É tão raro a cinematografia dar destaque à História feminina que só isto salta à vista como motivo para ser visto - não é admissível haver pessoas hoje a acreditarem que as mulheres nunca conquistaram ou descobriram nada. Já tive conversas deste calibre: as mulheres sempre tiverem tudo o que quiseram e isso do sufragismo foi peanuts...O que eu senti ao ler isto deve ter sido o mesmo que sentiu a Alice quando chegou a Wonderland e tentou conversar com o chapeleiro. Há tanto desconhecimento daquilo que foi uma luta feroz com sangue derramado para que hoje, por exemplo, haja pela primeira vez no mundo um governo com o mesmo número de homens e mulheres, para que no parlamento inglês esteja para ser aprovada uma lei que permite às deputadas levaram os seus filhos com elas ou para que tenhamos o direito de pedir a guarda das nossa própria prole...É uma parte da História que não pode ser apagada e é uma reflexão para o futuro - porque se as pessoas facilmente se indignam com certas questões, raramente o fazem quando o assunto são ataques aos direitos da mulher.
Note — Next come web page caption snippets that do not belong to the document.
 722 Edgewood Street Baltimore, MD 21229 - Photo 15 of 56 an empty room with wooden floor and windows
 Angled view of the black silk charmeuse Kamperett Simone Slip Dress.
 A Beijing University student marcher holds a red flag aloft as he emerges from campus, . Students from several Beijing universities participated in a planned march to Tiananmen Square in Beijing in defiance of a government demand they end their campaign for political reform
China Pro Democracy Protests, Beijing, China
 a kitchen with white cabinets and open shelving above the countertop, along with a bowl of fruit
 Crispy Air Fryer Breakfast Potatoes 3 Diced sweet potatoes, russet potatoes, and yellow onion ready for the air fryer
Não podemos ficar indignados só com a barbárie que vemos em outros países, mas também com a opressão que ainda existe dentro das nossas portas. O tema é actual e o filme resulta bastante didáctico: pode ser visto por pais e filhos (filhos e filhas entenda-se) ou por alunos em aula (havia uma professora com a turma na sessão a que fui...Achei uma óptima iniciativa, apesar do caos). Claro que é bem forte em algumas partes, mas pareceu-me realmente coeso do ponto de vista Histórico e envolvente o suficiente para quem não tem grandes conhecimentos do assunto. Mostra coisas importantes ligadas ao começo do movimento sufragista em Inglaterra: como elas não eram loucas, simplesmente usaram a técnica de atacar o fogo com o fogo depois de serem ignoradas, mas também como os homens acabam vitimas do próprio sistema injusto criado por eles - o que não quer dizer que não possam fazer parte da solução. As cenas dentro da fábrica de lavagem que aparecem volta e meia dão uma boa ideia da vida miserável de uma trabalhadora e estão bem feitas.
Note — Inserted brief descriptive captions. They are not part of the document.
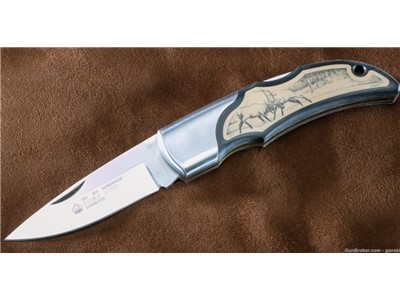 One of a kind Puma Lord scrimshaw folding knife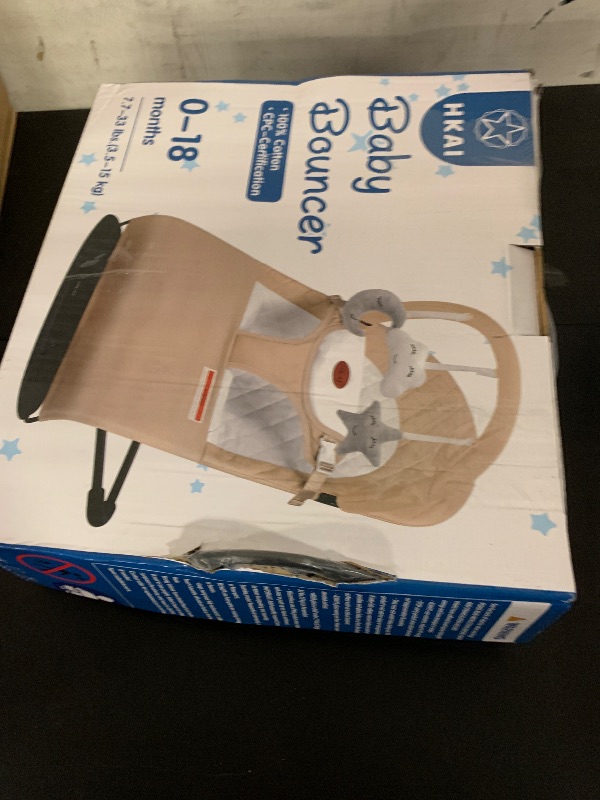 Photo 1 of HKAI Baby Bouncer, Portable Baby Bouncer Seat for Babies 0-18 Months, 100% Cotton Fabrics, 3 Modes of use with Rocker and Stationary Options, Infant Rocker Chair with Hanging Toys-Organic Oat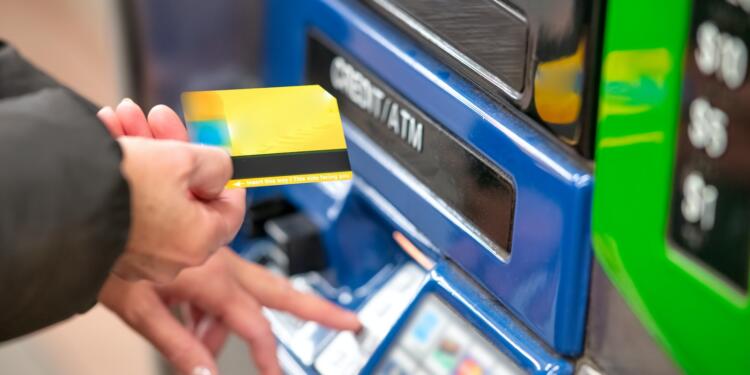 a person using a credit card to pay for a machine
Gostei muito das personagens - não é difícil imaginar que aquelas mulheres realmente existiram. As prestações são dignas de nota: Carey Mulligan é excelente do principio ao fim sem quebrar mesmo nas partes mais tensas. Helena Bonham Carter tem um papel à medida (uma farmacêutica cheia de genica) e Anne-Marie Duff como a fantástica Violet Miller, trabalhadora como Maud e outro bravo soldado. Achei que havia uma boa química entre todas e isso foi precisamente uma das coisas que mais me agradou ver. Não será o filme mais imprevisível (já sabia que algumas coisas tinham de acontecer, como a tortura) ou mais tecnicamente revolucionário...O final podia ser melhor ou como ouvi uma alma adolescente dizer foi um bocado anti-climático. Podiam ter alargado mais o período Histórico, ficava mais completo. No geral achei um drama histórico sólido. Uma estória intensa e inspiradora sobre justiça e liberdade que sem dúvida merece ser vista por toda a gente.